WHAT THE EXERCISE ASKS: For the records below, tally every line that has the word "Great" and reply with the number alone.

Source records
= Beginning of Section =
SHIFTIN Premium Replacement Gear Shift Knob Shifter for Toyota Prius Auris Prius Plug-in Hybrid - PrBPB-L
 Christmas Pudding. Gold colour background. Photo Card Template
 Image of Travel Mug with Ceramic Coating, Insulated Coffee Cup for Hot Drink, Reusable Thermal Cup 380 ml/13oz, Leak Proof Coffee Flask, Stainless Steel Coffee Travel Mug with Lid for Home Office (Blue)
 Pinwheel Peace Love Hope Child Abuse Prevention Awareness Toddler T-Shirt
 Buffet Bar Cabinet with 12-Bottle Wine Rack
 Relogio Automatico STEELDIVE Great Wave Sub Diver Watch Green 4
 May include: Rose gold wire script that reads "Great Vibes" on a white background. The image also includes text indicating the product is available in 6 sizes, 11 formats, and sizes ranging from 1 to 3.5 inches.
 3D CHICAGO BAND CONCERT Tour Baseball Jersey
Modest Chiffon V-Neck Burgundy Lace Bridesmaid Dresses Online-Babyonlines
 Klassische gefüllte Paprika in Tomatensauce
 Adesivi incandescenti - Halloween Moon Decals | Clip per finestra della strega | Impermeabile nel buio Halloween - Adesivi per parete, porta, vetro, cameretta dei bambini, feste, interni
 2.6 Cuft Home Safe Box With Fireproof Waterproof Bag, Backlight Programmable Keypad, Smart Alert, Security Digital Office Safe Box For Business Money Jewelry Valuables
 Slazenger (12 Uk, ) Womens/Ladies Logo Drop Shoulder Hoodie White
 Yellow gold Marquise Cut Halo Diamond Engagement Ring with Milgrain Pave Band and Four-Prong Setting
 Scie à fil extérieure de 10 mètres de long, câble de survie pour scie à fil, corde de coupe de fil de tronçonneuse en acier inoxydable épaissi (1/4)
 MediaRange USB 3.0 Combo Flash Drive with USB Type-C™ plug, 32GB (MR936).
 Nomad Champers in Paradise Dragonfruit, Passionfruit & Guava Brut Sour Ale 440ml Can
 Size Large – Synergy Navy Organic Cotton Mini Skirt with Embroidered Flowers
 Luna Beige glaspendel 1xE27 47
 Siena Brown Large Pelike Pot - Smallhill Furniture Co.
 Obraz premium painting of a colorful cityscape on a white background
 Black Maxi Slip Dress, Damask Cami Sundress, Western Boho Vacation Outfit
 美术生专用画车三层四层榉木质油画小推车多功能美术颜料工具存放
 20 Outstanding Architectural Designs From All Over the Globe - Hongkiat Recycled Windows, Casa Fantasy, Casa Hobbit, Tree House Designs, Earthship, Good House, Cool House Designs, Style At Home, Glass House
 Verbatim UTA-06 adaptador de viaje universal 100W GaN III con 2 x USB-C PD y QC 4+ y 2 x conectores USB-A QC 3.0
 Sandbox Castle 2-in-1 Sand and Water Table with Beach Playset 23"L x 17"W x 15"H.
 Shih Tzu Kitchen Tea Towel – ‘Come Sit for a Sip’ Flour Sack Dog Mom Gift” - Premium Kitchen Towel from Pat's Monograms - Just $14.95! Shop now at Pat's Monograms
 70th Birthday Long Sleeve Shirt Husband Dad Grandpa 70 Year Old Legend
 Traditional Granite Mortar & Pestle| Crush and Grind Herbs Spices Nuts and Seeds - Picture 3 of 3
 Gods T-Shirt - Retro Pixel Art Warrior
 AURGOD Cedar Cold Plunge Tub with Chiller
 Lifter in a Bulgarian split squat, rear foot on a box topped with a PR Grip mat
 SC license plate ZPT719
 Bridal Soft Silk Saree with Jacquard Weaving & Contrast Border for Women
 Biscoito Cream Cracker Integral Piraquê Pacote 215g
= End of Section =
FINISHED TASK: 2